Ces coopératives réunissent des travailleurs, des producteurs, des consommateurs ou encore des groupes diversifiés, telles les coopératives de solidarité comme La Maison verte, dans le quartier Notre-Dame-de-Grâce. Quelque 37 000 personnes y travaillaient en 2006.

Selon Hélène Lessard, PDG du Conseil québécois de la coopération et de la mutualité (CQCM), la notion de performance varie selon la nature de l'entreprise.

«Dans les coopératives de travailleurs, la pérennité de l'entreprise et des emplois passe en premier. Les conditions de travail dans certaines coops non rentable sont difficiles», constate-t-elle.

Nada Elkouzi est agente de développement à la Coopérative de développement régional (CDR) Montréal-Laval, un organisme de promotion et de soutien à ce type d'organisation.
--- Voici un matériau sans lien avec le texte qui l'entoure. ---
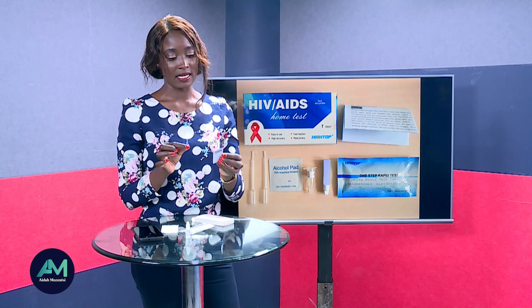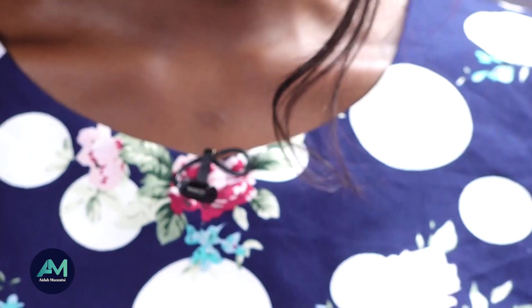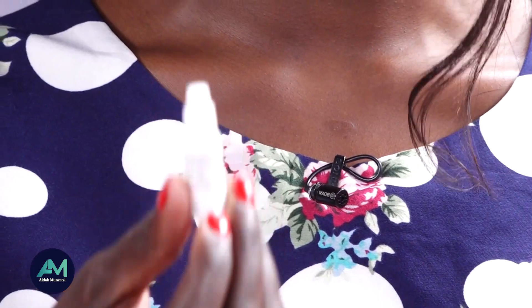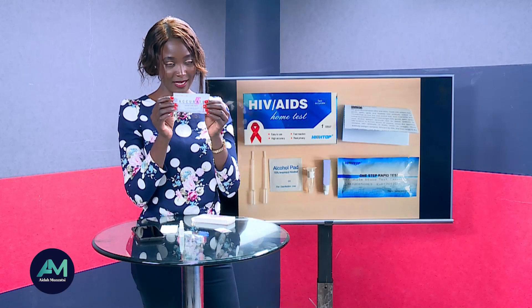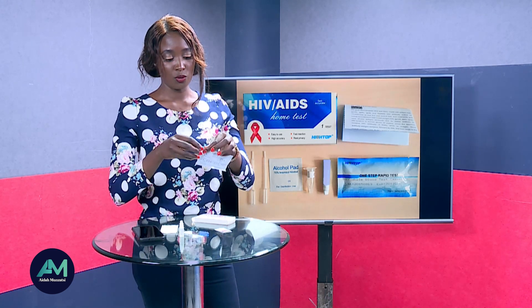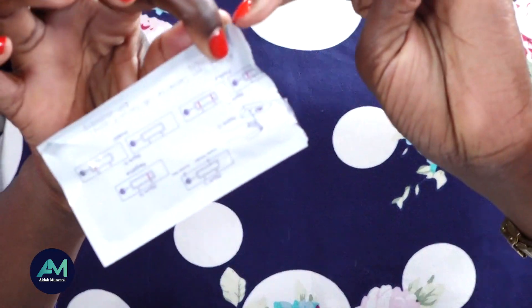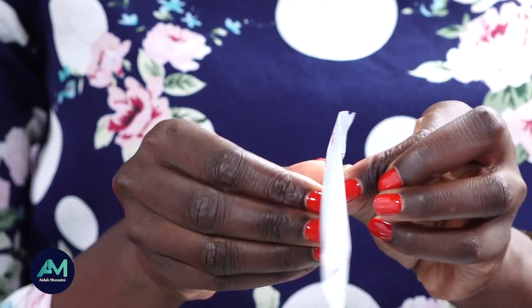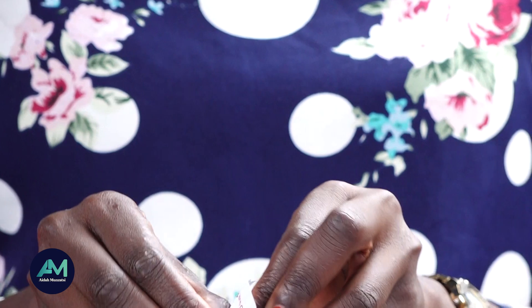This one is an alcohol swab that you'll use to wipe your finger before getting the blood. This one here is a liquid to help in diluting the blood. And this is the main test — you cut it open using your hands; you'll see spaces in the corners to help you cut.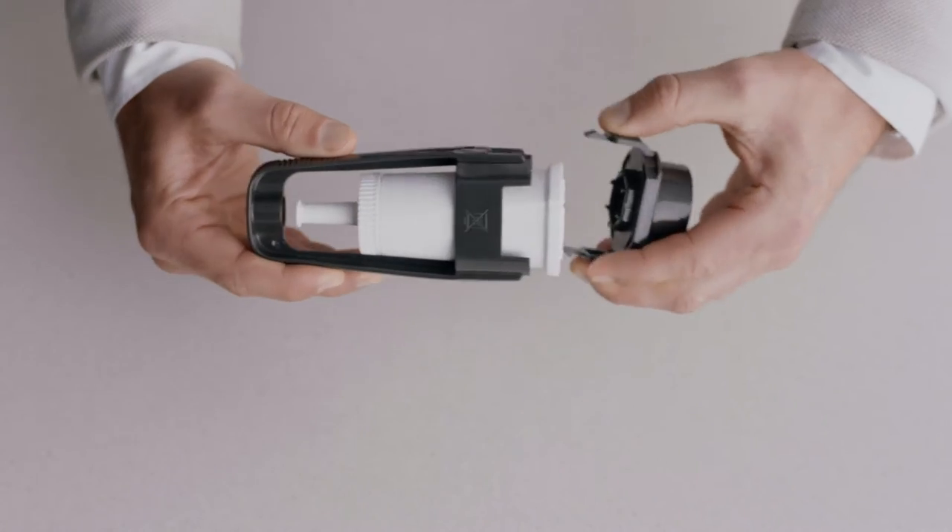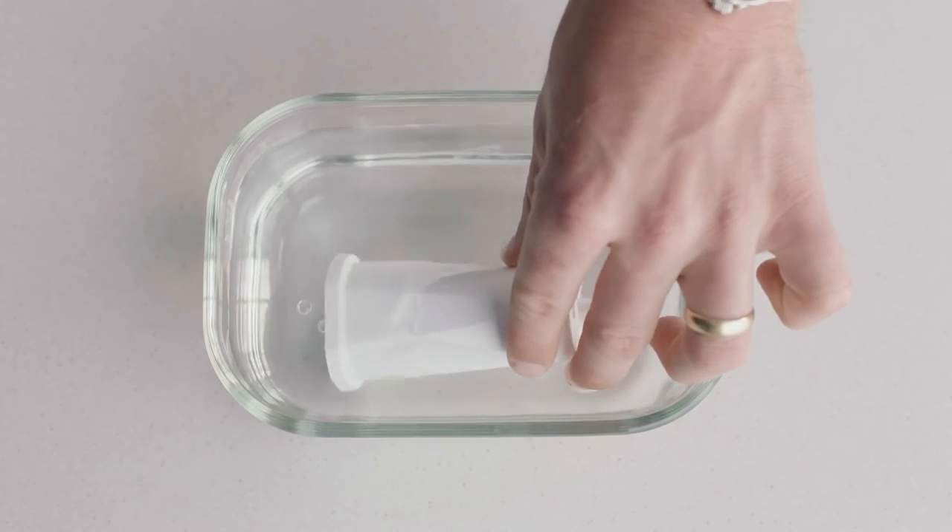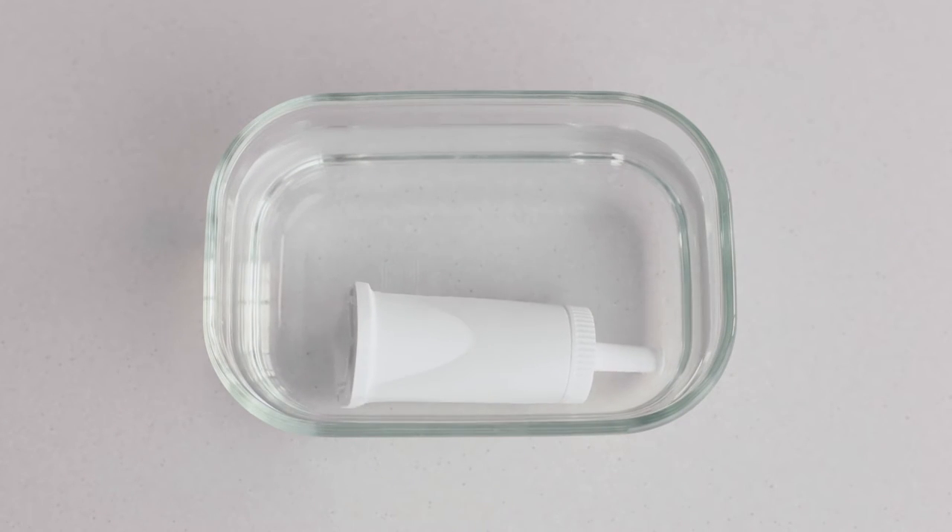Remove and drain the water tank, then remove and discard the used water filter. Before we assemble the new water filter, we need to soak it for five minutes.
Le mouvement est en croissance depuis quelques années, particulièrement dans le secteur des coopératives de solidarité.

Selon Mme Elkouzi, les coopératives de travailleurs ont un taux de survie de 46% après cinq ans. C'est similaire au taux des PME privées. La moyenne est de 64% pour l'ensemble des coopératives.

«Les membres des coopératives de travailleurs, contrairement aux coopératives de consommateurs, doivent se battre pour dénicher des clients. Ils sont à la fois propriétaires, salariés, parfois administrateurs ou cadres, des fonctions pas toujours évidentes à concilier. La qualité de la vie associative est un facteur déterminant de leur succès», dit-elle.

Mme Elkouzi comme Hélène Lessard soutiennent que la qualité de la vie associative est un des plus grands facteurs de la rentabilité des coopératives, peu importe leur nature.